5 Things to monitor in production Redis server
I am sharing my experiences on monitoring Redis server that has millions of keys. These keys keep on growing and is being used as cache by multiple microservices. Below are the list of things that I keep on monitoring frequently.
Monitoring tools used for Redis server
- Redis cli – INFO command
- AWS Cloudwatch
Besides, above tools I also keep switching between Grafana, Kibana, New Relic, Kubernetes dashboard to correlate the events during investigation.

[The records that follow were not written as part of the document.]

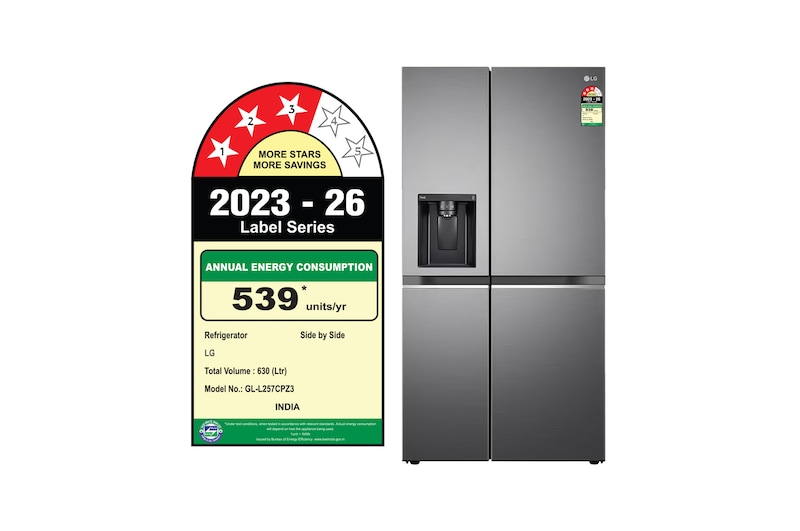 LG 630L, Side-by-Side Refrigerator, Wi-Fi Convertible, Water: Energy information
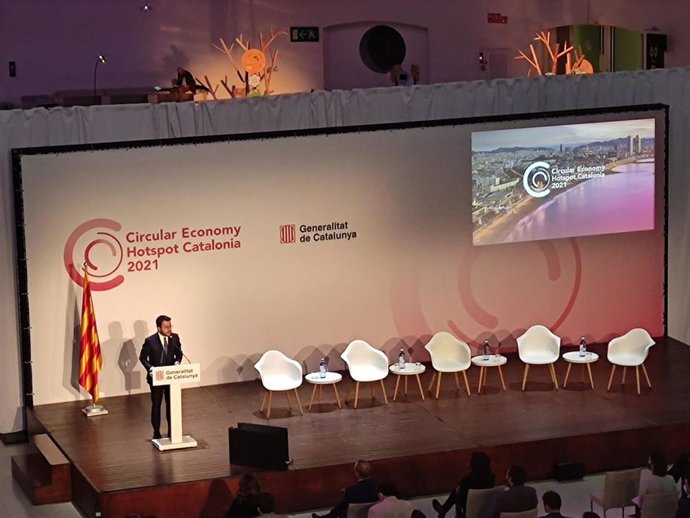El presidente de la Generalitat, Pere Aragons, en la inauguración del V Circular Economy Hotspot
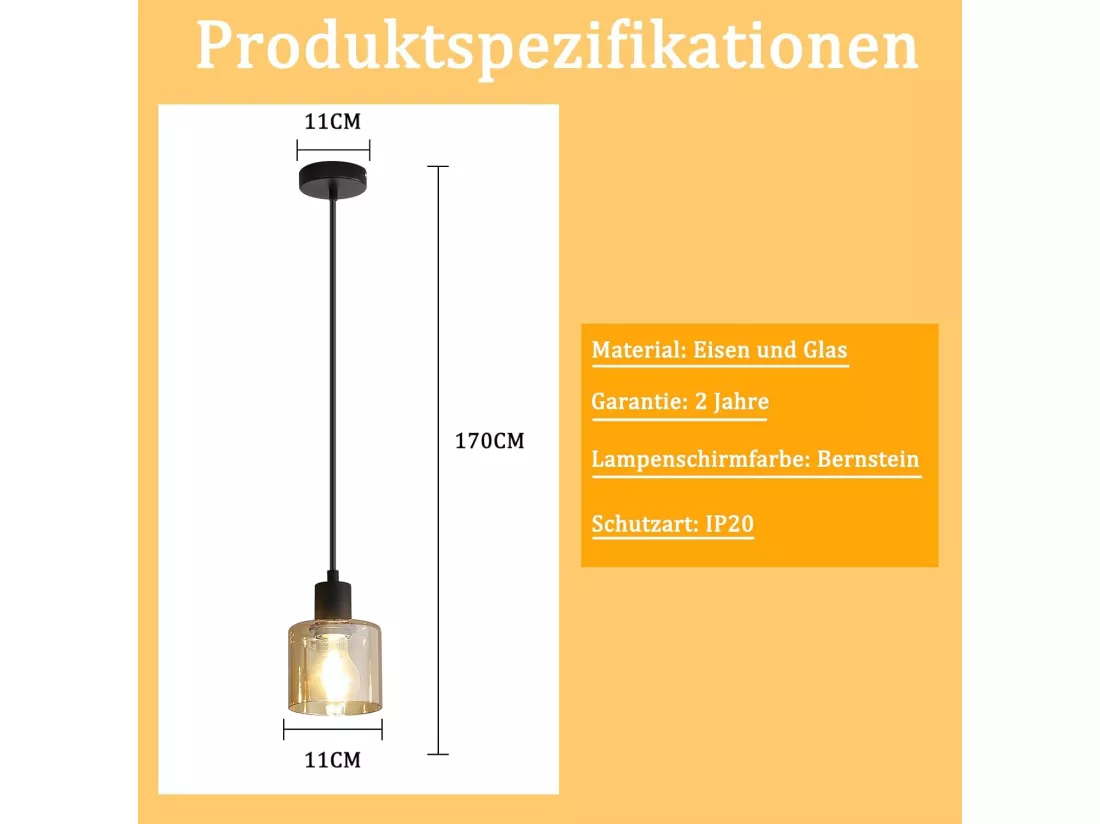 NETTLIFE Suspension table à manger lampe suspendue vintage suspension E27 suspension noire 1 ampoule rétro industriel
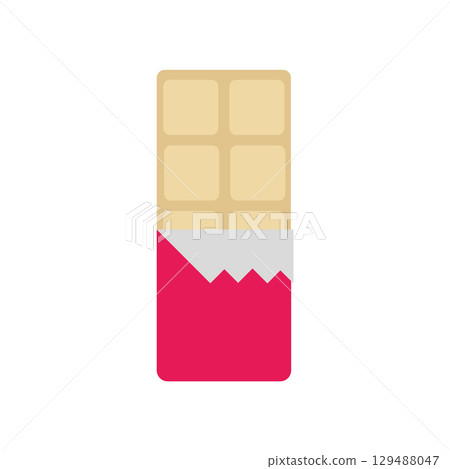 White chocolate bar pink wrapper. Vector 129488047
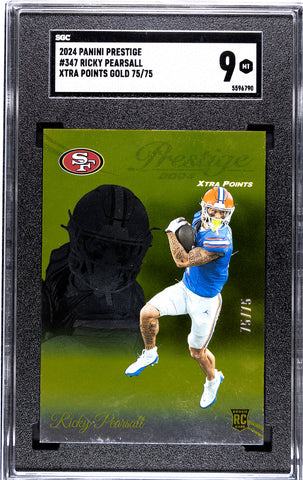 49ers Ricky Pearsall 2024 Panini Prestige No.347 #75/75 SGC Graded 9 Rookie Single Card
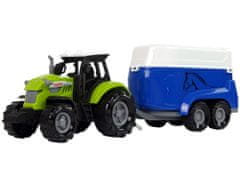 Lean-toys Traktor s prívesom na kone Zvuková zelená farma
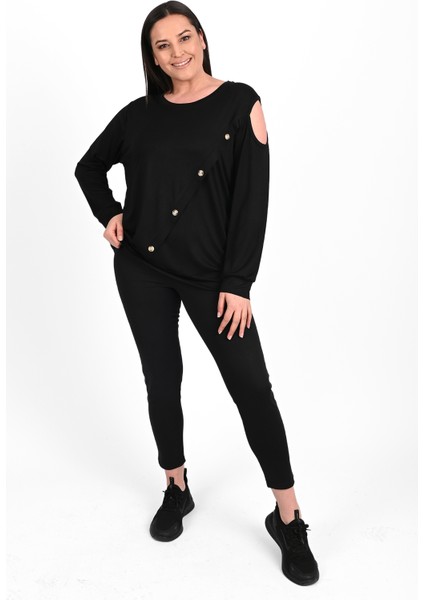 Kadın Tek Omuzlu Düğme Detaylı Büyük Beden Bluz 1390-23 indirimleri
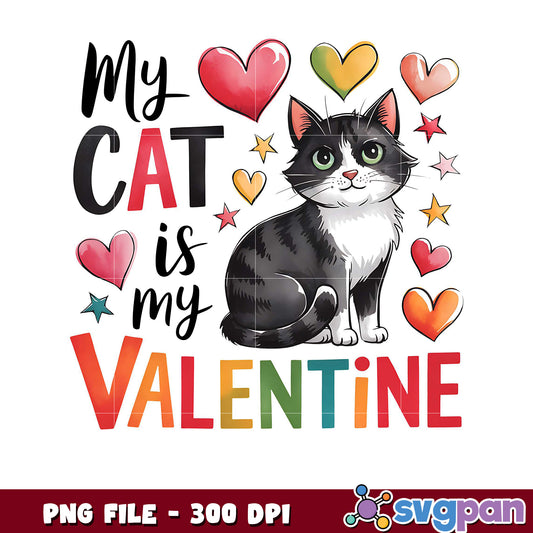 My Cat is My Valentine PNG File, Cute Cat Artwork Design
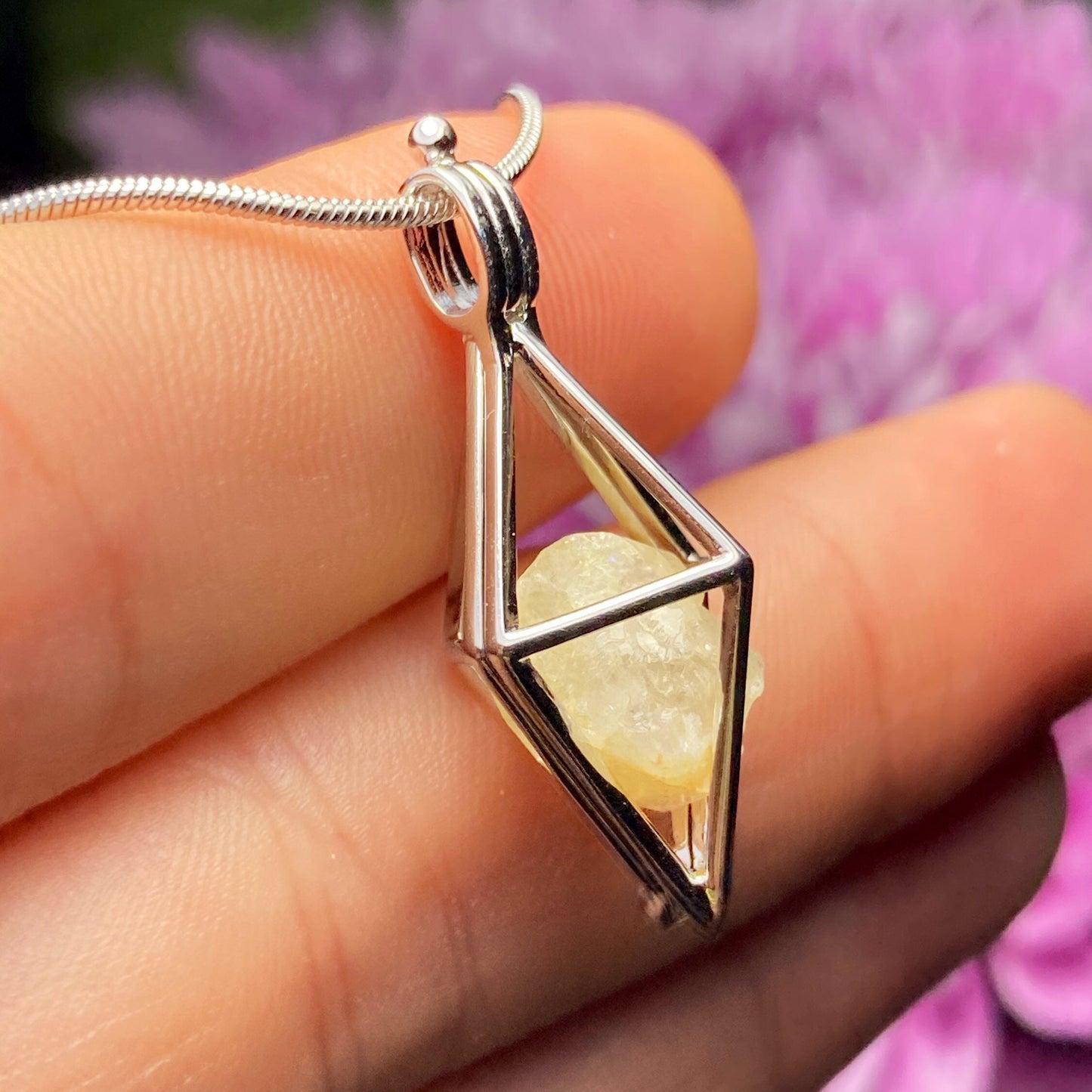 Golden Phenacite Pendant, Nigerian Phenacite Sterling Silver Necklace, Phenacite Necklace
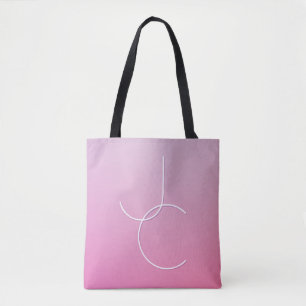 Moderne 2 überlappende Initialen Rosa Ombre Tasche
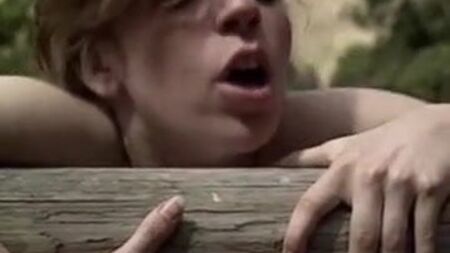 Una chica de tetas grandes se folla al aire libre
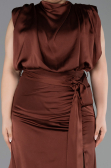 Robe Grande Taille Satin Longue Brun Clair ABU2969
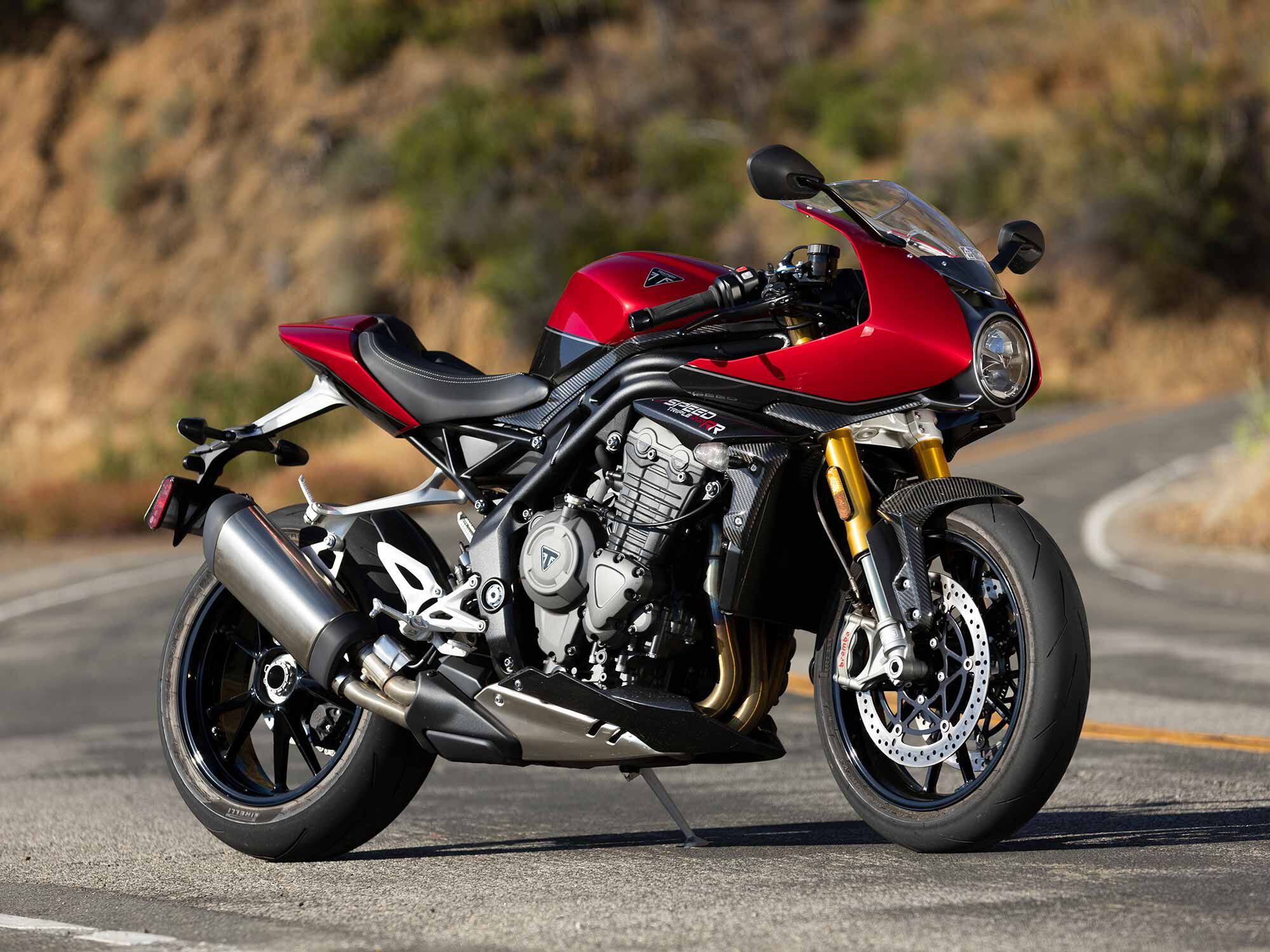 A “cockpit” half fairing and clip-ons hint at the performance potential of the Speed Triple 1200 RR.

1. Number of keys and their growth
We have to keep close eyes on the total number of keys and their rate of growth over time. The Redis instance has limited memory and when this memory is reached instance will start to be the bottleneck. If your app/site is very popular and Redis has been used as cache then Redis itself will start to get slower due to heavy memory pressure. Under heavy memory pressure it will evict the keys based on eviction policy. So, set your eviction policy based on the usage of keys.
Mostly, session cache are kept in Redis. If we start to create session for every single request then we can easily run out of memory in Redis instance.
Create sample data for test
root@8762425eed3f:/data# redis-cli -h $REDIS_HOST 127.0.0.1:6379> keys * 1) "tus:server:895f65a62d01b683b6322209740dbf57" 127.0.0.1:6379> INFO commandstats # Commandstats cmdstat_command:calls=1,usec=2950,usec_per_call=2950.00 cmdstat_keys:calls=1,usec=803,usec_per_call=803.00 127.0.0.1:6379> set test:redis:command 10 OK 127.0.0.1:6379> ttl test:redis:command (integer) -1 127.0.0.1:6379> set test:redis:command2 10 EX 300 OK 127.0.0.1:6379> ttl test:redis:command2 (integer) 294 127.0.0.1:6379> info commandstats # Commandstats cmdstat_set:calls=2,usec=316,usec_per_call=158.00 cmdstat_info:calls=1,usec=143,usec_per_call=143.00 cmdstat_command:calls=1,usec=2950,usec_per_call=2950.00 cmdstat_keys:calls=1,usec=803,usec_per_call=803.00 cmdstat_ttl:calls=2,usec=49,usec_per_call=24.50
2. TTL for keys
Always set TTL for keys if when you think it doesn’t need one. All data in Redis lives in memory. If we don’t set any TTL then this data will live in memory forever and won’t be garbage collected (removed) by Redis. Redis internally has a routine that will scan for expired keys and remove them from memory. This happens when Redis has some idle time. If there are millions of keys in Redis and most of them don’t have TTL then you are likely to run out of memory sooner than expected unless you clean them manually using some techniques. see <a href="#info-keyspace" rel="nofollow" title="#info-keyspace">INFO keyspace</a>
below on how to get TTL information from Redis metrics.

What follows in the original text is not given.